Já quanto ao cenário internacional, não há apenas as discussões em torno das taxas de juros dos Estados Unidos, mas também preocupações de uma guerra comercial – iniciada com as maiores tarifas  impostas pelo presidente dos EUA, Donald Trump, e as consequentes retaliações que já aparecem na China e no México, por exemplo.

"São movimentos que não cooperam com uma recuperação rápida do Brasil e abalam as taxas de juros de longo prazo e o Ibovespa, com maior desconfiança de que a retomada do País ainda pode demorar”, comenta a coordenadora do curso de administração do Mackenzie de Campinas, Leila Pellegrino.

Os especialistas afirmam, ainda, que um dos desafios que despontam como uma “sobrecarga” ao ambiente turbulento do País são as discussões em torno da Petrobras – que já trouxeram um recuo de quase 15% nos papéis da companhia na última sexta-feira, com o anúncio do pedido de demissão do então presidente da petroleira estatal, Pedro Parente.

Para o professor de finanças do Instituto Brasileiro de Mercado de Capitais (Ibmec) Wagner Schmidt, a falta de um posicionamento sobre a revisão das políticas de preços da empresa ainda trarão turbulência ao mercado e só evidenciam a “grande dificuldade do governo em ter um equilíbrio fiscal”.

“Mesmo sendo uma estatal, o grande dilema é que a precificação da commodity é feita no mercado internacional. Fazer as contas de como fomentar um Estado que concede redução tributária a um setor e aceita o risco de onerar ainda mais o contribuinte tem evidenciado a capacidade limitada que esse governo tem”, opina Schmidt.

Ontem, as ações da petroleira terminaram o pregão em queda de 3% (ON) e 5,36% (PN).

Seguros

Dentre os demais produtos do sistema financeiro que podem ser pressionados com os resultados da greve e que já contam com um maior monitoramento também estão os seguros.Segundo

Eduardo Michelin, responsável por transporte e náuticos da Willis Towers Watson, ainda que as perspectivas de aumento no sinistro de cargas não sejam perceptíveis, há um “período” para constatação de perdas por vir e o mapeamento da companhia tem sido “diário e recorrente”.

“Não é um reflexo automático até porque o sinistro só é constatado no destino final, mas o esforço e a recomendação para nossos clientes foi de que as cargas ficassem retidas nas transportadoras até que o cenário se acalmasse e, agora, monitoramos de perto para ver o resultado”, declara Michelin.

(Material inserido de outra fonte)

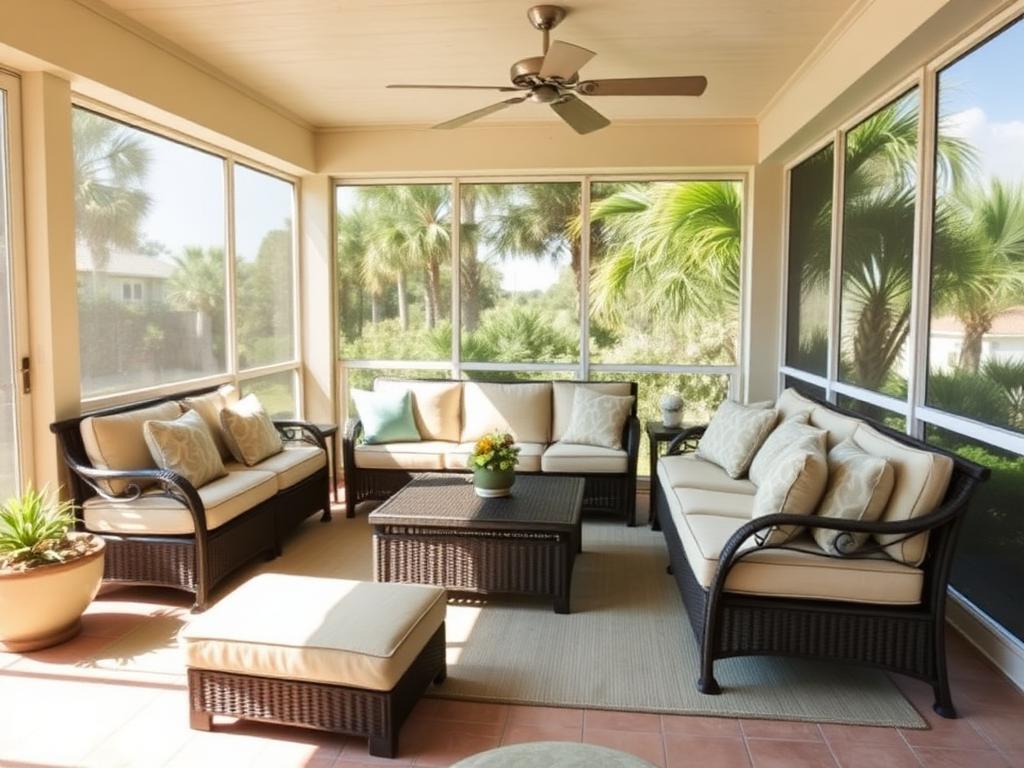 Assembled wicker patio sectional, ottoman and coffee table arranged on a Jupiter screened lanai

Já de acordo com o diretor de riscos da Euler Hermes, Marcelo de Oliveira, as projeções de perdas nas empresas podem também acabar impactando o pagamento de apólices.

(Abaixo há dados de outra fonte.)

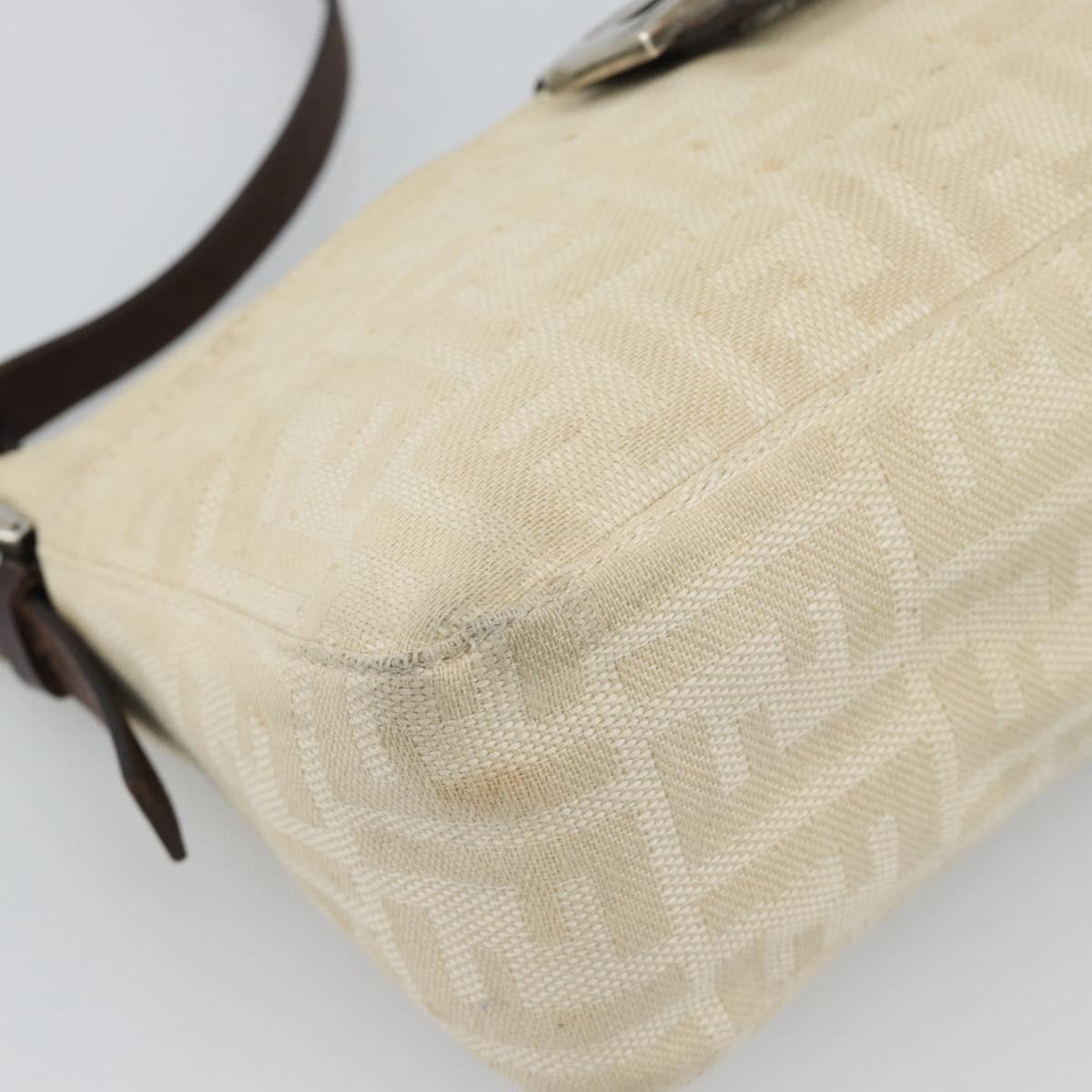FENDI Zucca Canvas Mamma Baguette Shoulder Bag Ivory Silver Auth 194658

“Ainda é cedo para mensurar, mas, em termos gerais, as empresas tiveram cerca de um terço do faturamento mensal impactado. Esperamos uma provável movimentação no número de pedidos de prorrogação de pagamentos, mas não necessariamente nos de inadimplência”, esclarece.

Para Michelin, no entanto, os movimentos que trazem atenção ao mercado segurador são os futuros, relacionados às possíveis reações populares quanto aos resultados eleitorais.

“Temos que manter a atenção, principalmente em relação ao seguro de transporte de cargas, que já tem sofrido bastante nos últimos meses. Ainda mais agora que o País pode ficar à mercê de movimentações partidárias, a postura tem sido ativa e consultiva para gerenciamento de risco”, acrescenta o diretor.

Segundo os últimos dados da Superintendência de Seguros Privados (Susep) a soma de sinistros ocorridos nos produtos de responsabilidade civil do transportador rodoviário de carga e de responsabilidade civil para o desaparecimento de carga subiram 4,3% em abril deste ano, frente à igual período de 2017, de R$ 49,7 milhões para R$ 51,8 milhões.

“Pode ser que depois, inclusive, os preços sejam revistos, já que quanto mais apertadas estão as apólices, maior é o custo. Mas é algo que teremos que acompanhar”, diz Michelin.